▶ ACTIVITY
To complete this task, print all the data below exactly but leave out the images.

▶ RECORDED INFORMATION
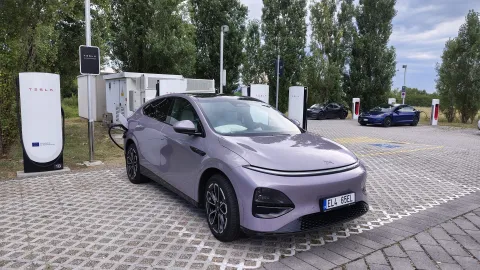 XPENG G6 na Tesla Supercharger
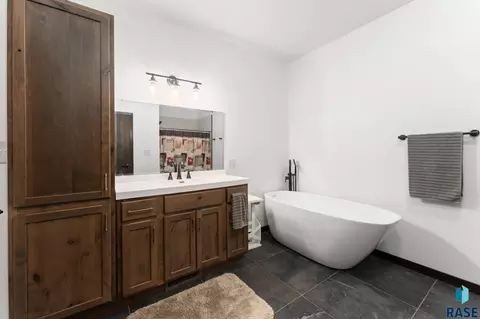 Bath - 48201 304th St, Alcester, SD 57001 photo 3 of 6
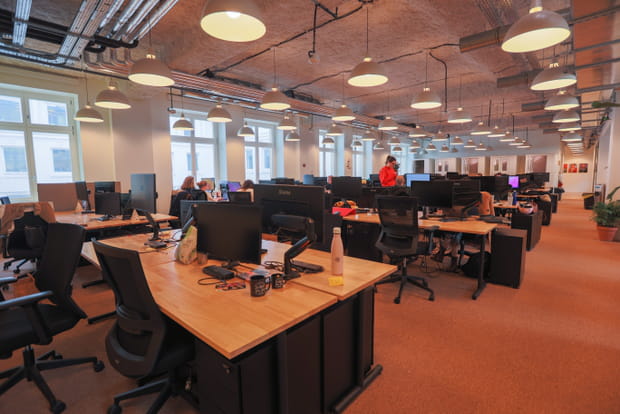 Un siège parisien et dix-sept bureaux à travers le monde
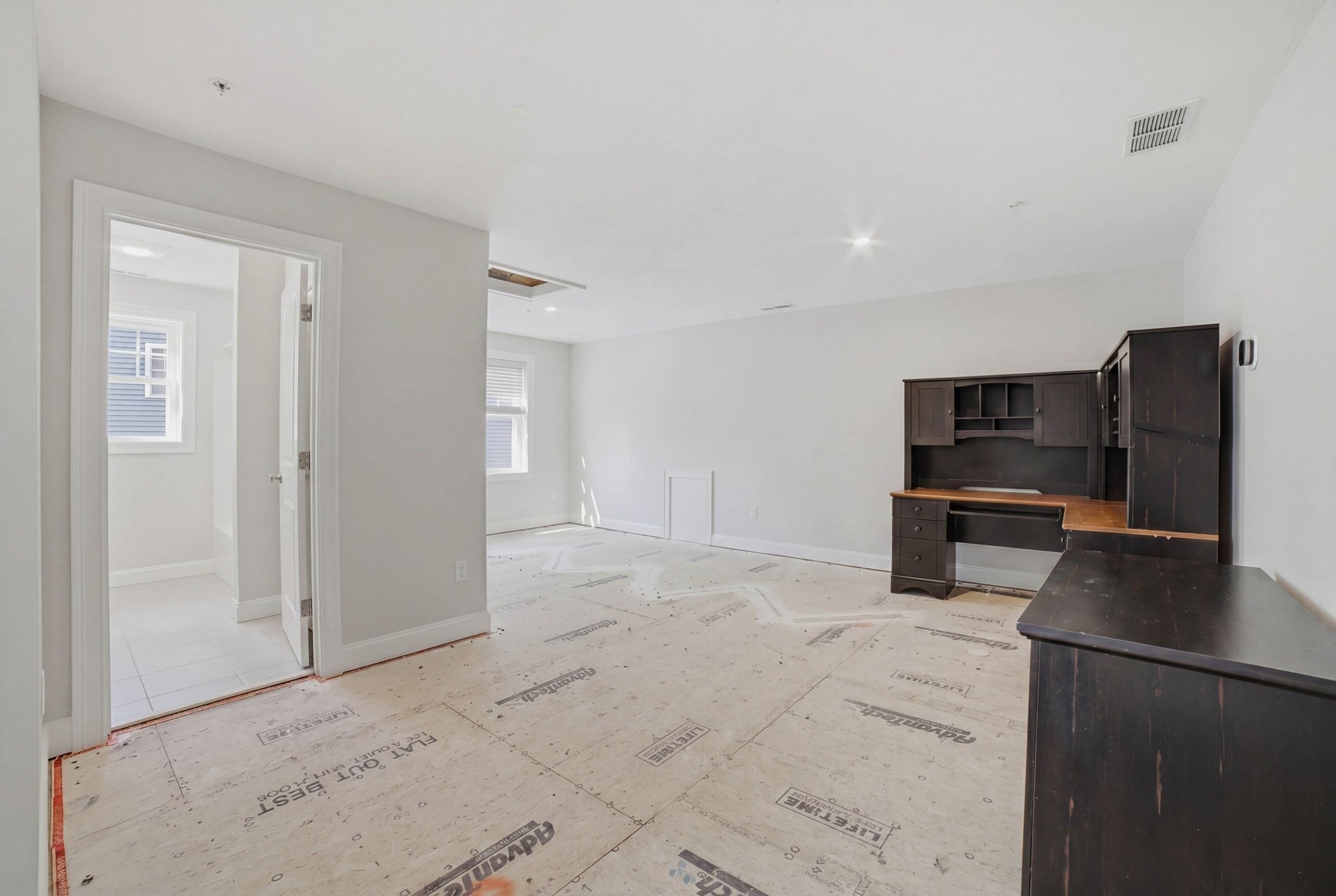 707 Southwood Ln Unit 707, Clinton, MA 01510 - Image 21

▶ TASK OUTPUT
 XPENG G6 na Tesla Supercharger
 Bath - 48201 304th St, Alcester, SD 57001 photo 3 of 6
 Un siège parisien et dix-sept bureaux à travers le monde
 707 Southwood Ln Unit 707, Clinton, MA 01510 - Image 21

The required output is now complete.